*** Dataset entries Section Begins ***

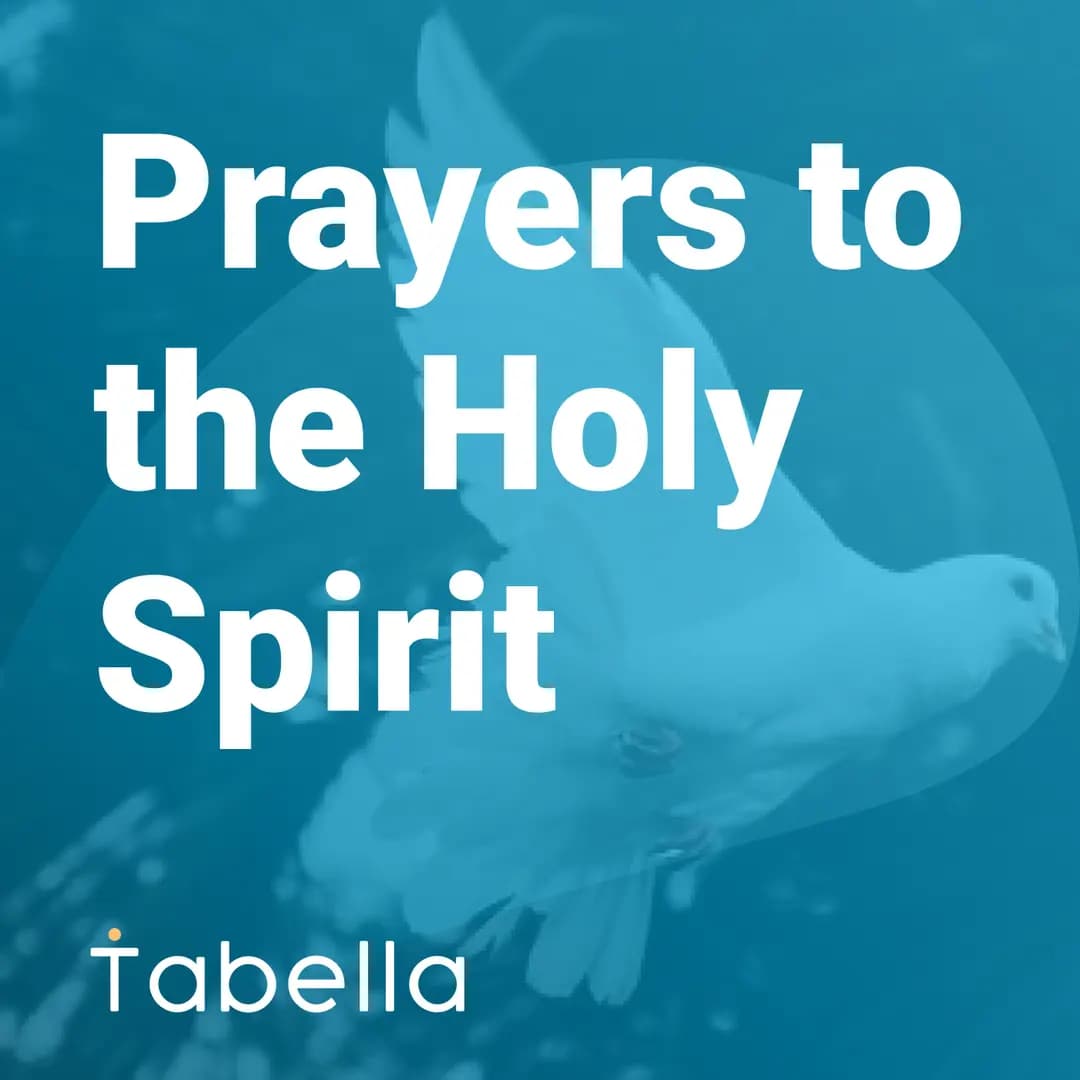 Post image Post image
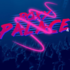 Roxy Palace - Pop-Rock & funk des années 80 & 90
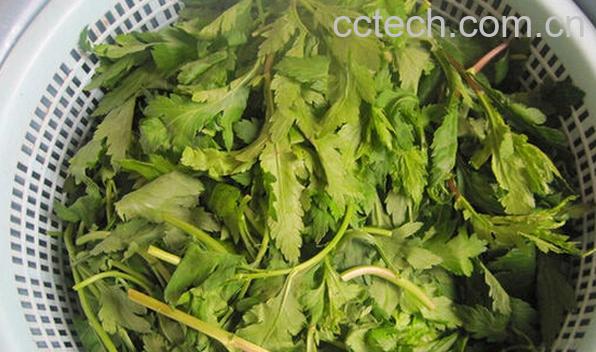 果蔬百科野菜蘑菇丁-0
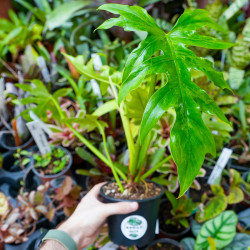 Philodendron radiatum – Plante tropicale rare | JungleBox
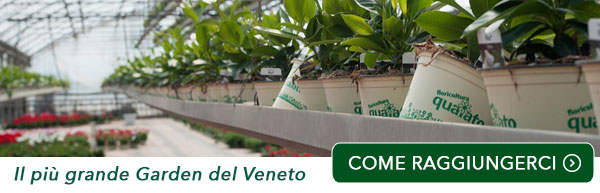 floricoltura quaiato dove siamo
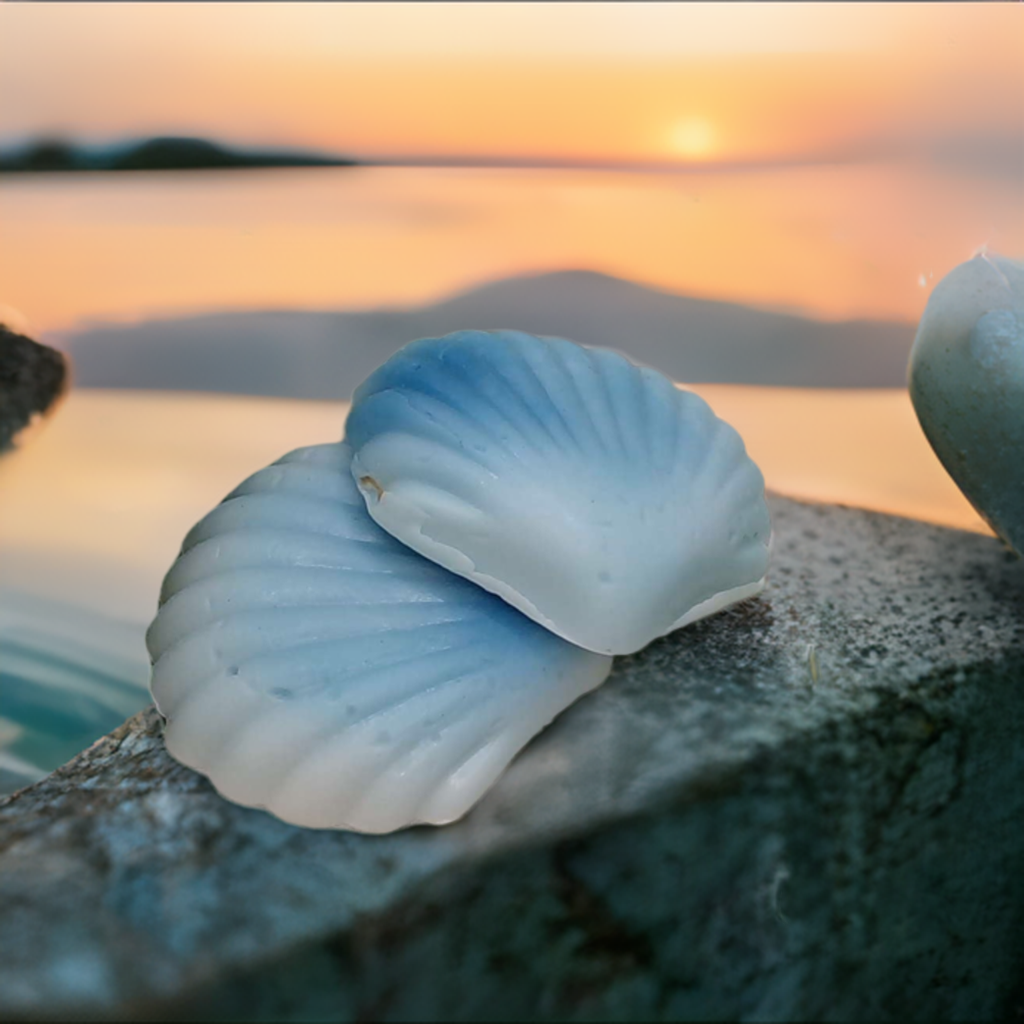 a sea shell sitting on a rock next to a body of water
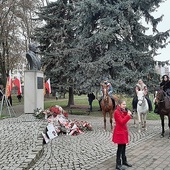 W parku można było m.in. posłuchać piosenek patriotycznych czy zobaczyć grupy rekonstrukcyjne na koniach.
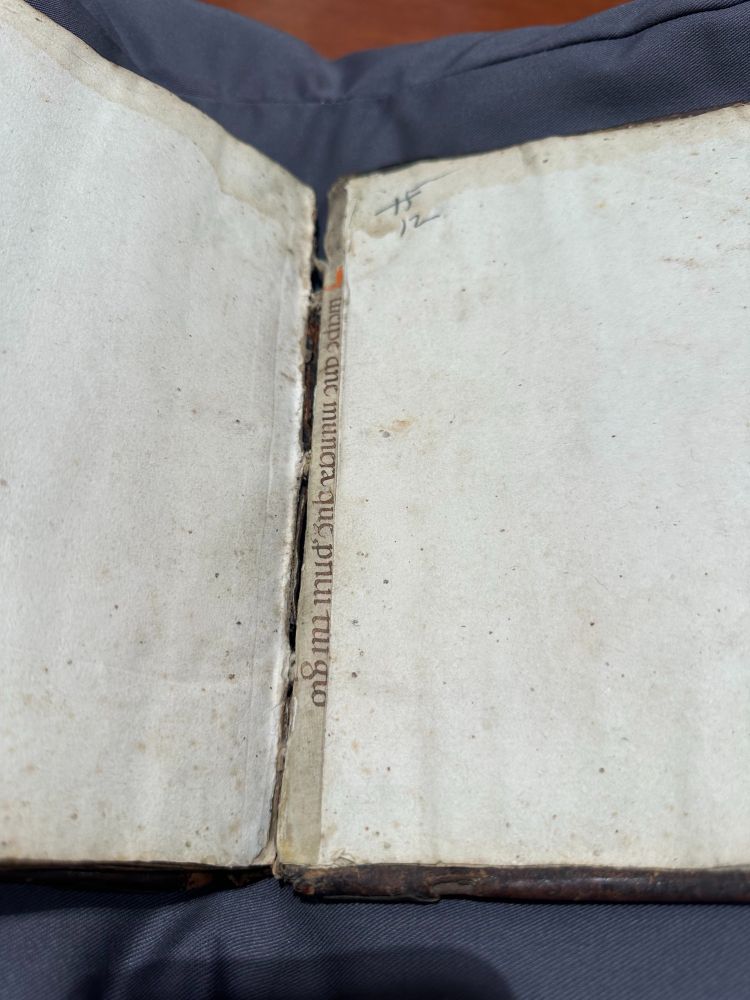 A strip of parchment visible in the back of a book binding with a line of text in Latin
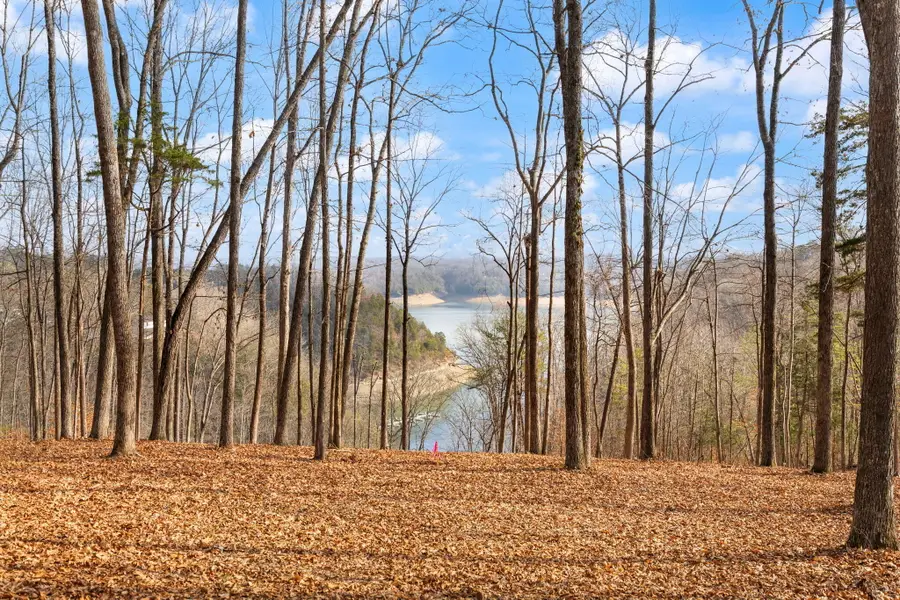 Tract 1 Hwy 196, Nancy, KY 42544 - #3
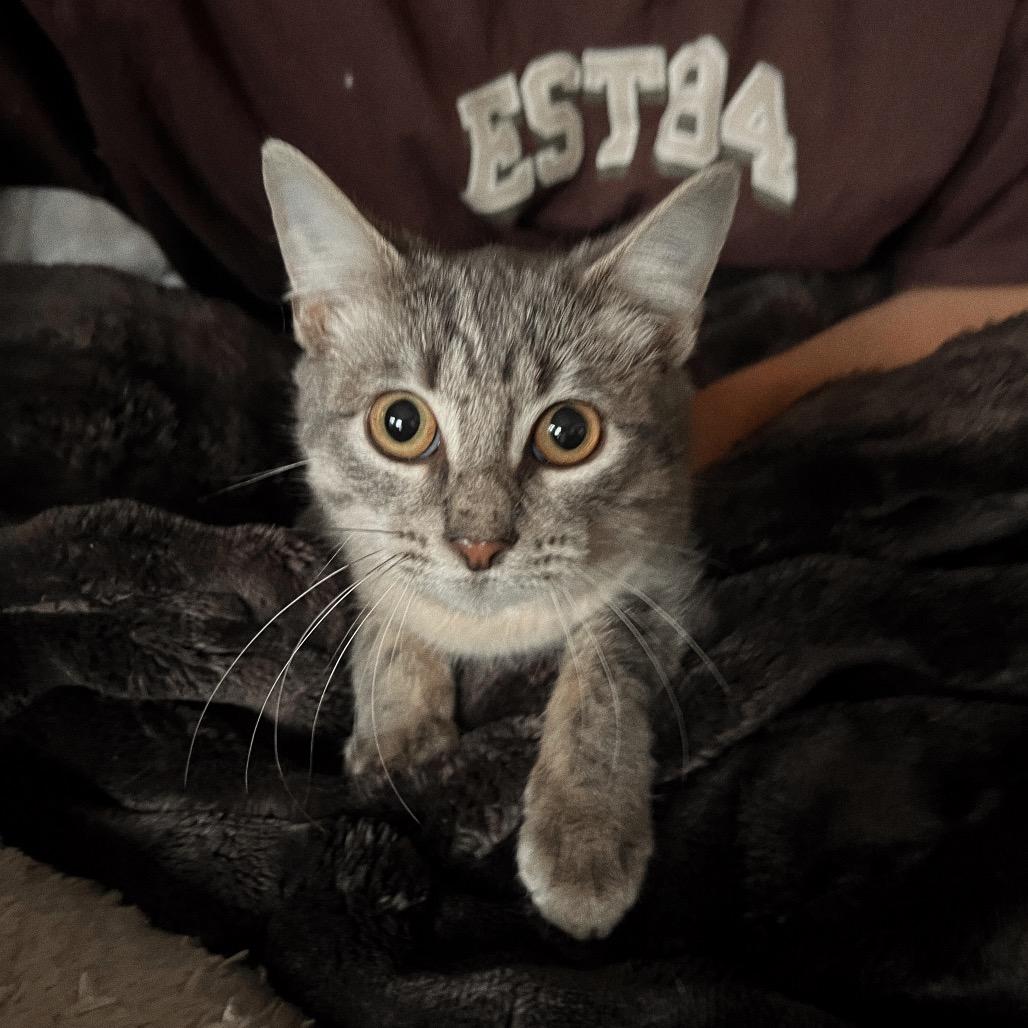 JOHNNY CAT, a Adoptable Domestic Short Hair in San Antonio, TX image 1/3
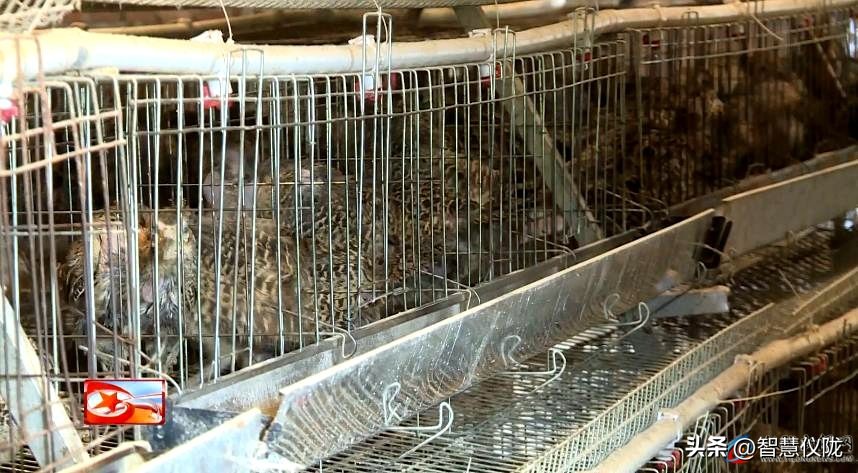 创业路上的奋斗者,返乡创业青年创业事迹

*** Dataset entries Section Ends ***

Pictures must be left out of the answer, which should be exactly the lines from the one holding "Philodendron radiatum –" through the last line of the entries above, both included; please add nothing.

 Philodendron radiatum – Plante tropicale rare | JungleBox
 floricoltura quaiato dove siamo
 a sea shell sitting on a rock next to a body of water
 W parku można było m.in. posłuchać piosenek patriotycznych czy zobaczyć grupy rekonstrukcyjne na koniach.
 A strip of parchment visible in the back of a book binding with a line of text in Latin
 Tract 1 Hwy 196, Nancy, KY 42544 - #3
 JOHNNY CAT, a Adoptable Domestic Short Hair in San Antonio, TX image 1/3
 创业路上的奋斗者,返乡创业青年创业事迹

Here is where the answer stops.